To study the changes in precipitation yield on a Cyprus Low day, a statistical downscaling algorithm based on past analogues (Rostkier-Edelstein et al. 2016), originally proposed by Lorenz (1969), is used. In this method, a given weather state is compared with those from a long-term record. Then, the most similar weather state from the past is identified, and the matching local observations are selected as predictors for the local-scale weather (Zorita and von Storch 1999). The choice of metrics to define similarity is vast; here, analogue days are identified based on the minimal Euclidean distance (Minkowski) metric (Wilks 2011) in the space of predicted and observed vectors.
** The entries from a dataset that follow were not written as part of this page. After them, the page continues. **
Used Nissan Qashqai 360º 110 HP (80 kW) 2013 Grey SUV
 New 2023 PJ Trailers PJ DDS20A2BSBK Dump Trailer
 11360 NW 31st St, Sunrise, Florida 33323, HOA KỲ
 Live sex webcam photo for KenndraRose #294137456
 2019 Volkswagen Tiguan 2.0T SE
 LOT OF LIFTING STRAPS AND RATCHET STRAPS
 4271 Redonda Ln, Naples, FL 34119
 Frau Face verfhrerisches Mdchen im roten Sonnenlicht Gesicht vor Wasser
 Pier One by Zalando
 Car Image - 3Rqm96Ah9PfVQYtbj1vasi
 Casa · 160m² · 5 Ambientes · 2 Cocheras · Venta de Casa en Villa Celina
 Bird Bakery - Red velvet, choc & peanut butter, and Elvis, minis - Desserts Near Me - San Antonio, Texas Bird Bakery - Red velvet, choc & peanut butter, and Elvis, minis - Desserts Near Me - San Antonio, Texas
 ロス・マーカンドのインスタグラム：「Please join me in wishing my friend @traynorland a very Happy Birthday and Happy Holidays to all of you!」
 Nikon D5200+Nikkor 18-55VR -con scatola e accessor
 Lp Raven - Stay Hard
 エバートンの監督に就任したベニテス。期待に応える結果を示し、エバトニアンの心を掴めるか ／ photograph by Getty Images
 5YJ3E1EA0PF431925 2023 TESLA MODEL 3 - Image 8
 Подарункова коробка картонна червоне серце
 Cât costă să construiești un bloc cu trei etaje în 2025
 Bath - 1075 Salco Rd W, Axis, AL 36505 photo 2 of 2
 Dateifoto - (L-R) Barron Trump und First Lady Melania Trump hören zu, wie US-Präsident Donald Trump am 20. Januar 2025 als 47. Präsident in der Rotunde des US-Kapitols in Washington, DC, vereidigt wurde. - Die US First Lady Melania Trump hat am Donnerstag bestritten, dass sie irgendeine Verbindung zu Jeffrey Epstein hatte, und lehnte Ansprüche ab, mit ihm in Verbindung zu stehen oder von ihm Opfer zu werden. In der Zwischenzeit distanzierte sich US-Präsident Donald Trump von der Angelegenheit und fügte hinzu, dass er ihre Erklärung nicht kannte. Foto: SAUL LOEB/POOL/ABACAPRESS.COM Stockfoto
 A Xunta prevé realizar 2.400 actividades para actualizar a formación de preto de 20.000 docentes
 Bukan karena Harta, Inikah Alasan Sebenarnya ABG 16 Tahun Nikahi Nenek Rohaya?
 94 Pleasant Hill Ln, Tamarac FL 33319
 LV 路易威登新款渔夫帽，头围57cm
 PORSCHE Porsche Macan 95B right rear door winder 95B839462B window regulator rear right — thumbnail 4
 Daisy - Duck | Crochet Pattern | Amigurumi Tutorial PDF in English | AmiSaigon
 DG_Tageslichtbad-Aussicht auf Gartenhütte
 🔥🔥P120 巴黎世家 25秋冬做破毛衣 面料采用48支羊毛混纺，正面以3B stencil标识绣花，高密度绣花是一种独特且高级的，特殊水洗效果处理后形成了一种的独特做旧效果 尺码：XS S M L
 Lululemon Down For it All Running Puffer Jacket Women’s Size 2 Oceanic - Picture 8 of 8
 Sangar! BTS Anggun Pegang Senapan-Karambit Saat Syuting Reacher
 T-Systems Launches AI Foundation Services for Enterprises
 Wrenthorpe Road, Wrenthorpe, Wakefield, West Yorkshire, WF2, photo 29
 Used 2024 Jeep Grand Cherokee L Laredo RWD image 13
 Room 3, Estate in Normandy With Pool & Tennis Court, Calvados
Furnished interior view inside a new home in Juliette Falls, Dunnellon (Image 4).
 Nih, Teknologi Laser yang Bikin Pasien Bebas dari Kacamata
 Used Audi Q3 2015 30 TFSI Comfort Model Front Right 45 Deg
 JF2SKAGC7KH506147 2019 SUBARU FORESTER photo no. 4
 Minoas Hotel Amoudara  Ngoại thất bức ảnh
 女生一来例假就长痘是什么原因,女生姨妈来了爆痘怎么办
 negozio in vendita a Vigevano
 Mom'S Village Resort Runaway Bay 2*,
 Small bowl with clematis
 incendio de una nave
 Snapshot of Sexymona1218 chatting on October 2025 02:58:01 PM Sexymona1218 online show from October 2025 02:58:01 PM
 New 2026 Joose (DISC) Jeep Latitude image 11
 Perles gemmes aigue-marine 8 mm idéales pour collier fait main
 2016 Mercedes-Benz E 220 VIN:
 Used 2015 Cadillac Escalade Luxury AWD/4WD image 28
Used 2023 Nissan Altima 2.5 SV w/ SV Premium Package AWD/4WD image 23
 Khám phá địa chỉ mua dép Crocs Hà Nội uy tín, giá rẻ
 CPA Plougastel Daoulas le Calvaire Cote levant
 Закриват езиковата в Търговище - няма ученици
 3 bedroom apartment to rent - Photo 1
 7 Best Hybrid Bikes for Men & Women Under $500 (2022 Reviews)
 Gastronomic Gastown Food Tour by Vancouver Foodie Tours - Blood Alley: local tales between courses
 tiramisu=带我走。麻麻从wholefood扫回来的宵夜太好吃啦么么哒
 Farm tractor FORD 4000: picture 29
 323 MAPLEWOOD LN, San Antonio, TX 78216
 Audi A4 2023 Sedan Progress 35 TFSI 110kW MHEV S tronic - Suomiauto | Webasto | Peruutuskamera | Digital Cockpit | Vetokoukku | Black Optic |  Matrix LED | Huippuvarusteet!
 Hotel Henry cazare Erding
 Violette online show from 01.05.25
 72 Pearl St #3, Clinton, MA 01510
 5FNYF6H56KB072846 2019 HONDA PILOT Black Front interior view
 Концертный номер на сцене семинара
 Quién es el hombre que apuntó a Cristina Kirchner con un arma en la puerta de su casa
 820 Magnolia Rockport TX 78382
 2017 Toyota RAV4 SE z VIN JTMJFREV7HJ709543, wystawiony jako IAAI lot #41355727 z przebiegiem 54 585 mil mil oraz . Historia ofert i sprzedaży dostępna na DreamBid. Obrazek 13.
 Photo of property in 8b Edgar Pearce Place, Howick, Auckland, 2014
The metric is calculated using twenty-five grid points and four variables at each grid point (see Sect. 3.1, above). The predicted daily precipitation at each gauge station is calculated by averaging the observed daily precipitation for three past analogues, in inverse proportion to their squared distances. Thus, the closest analogue could still not be the most similar in terms of the associated precipitation. Rostkier-Edelstein et al. (2016) tested the number of analogues to be considered in the downscaling algorithm and found that using the three closest analogues is the optimal choice, albeit with some variance deflation. The analogues method is skillful in predicting the means and quantiles of seasonal precipitation distributions, as well as in reproducing the observed inter-annual and spatial precipitation variability (with relatively high correlations of ~ 0.8; Rostkier-Edelstein et al. 2016). This provides a significant improvement over the results of coarse global models. The reader is referred to Rostkier-Edelstein et al. (2016) for further methodological details. The analogues downscaling method was recently successfully used in Hochman et al. (2019b) to downscaled seasonal precipitation over Israel.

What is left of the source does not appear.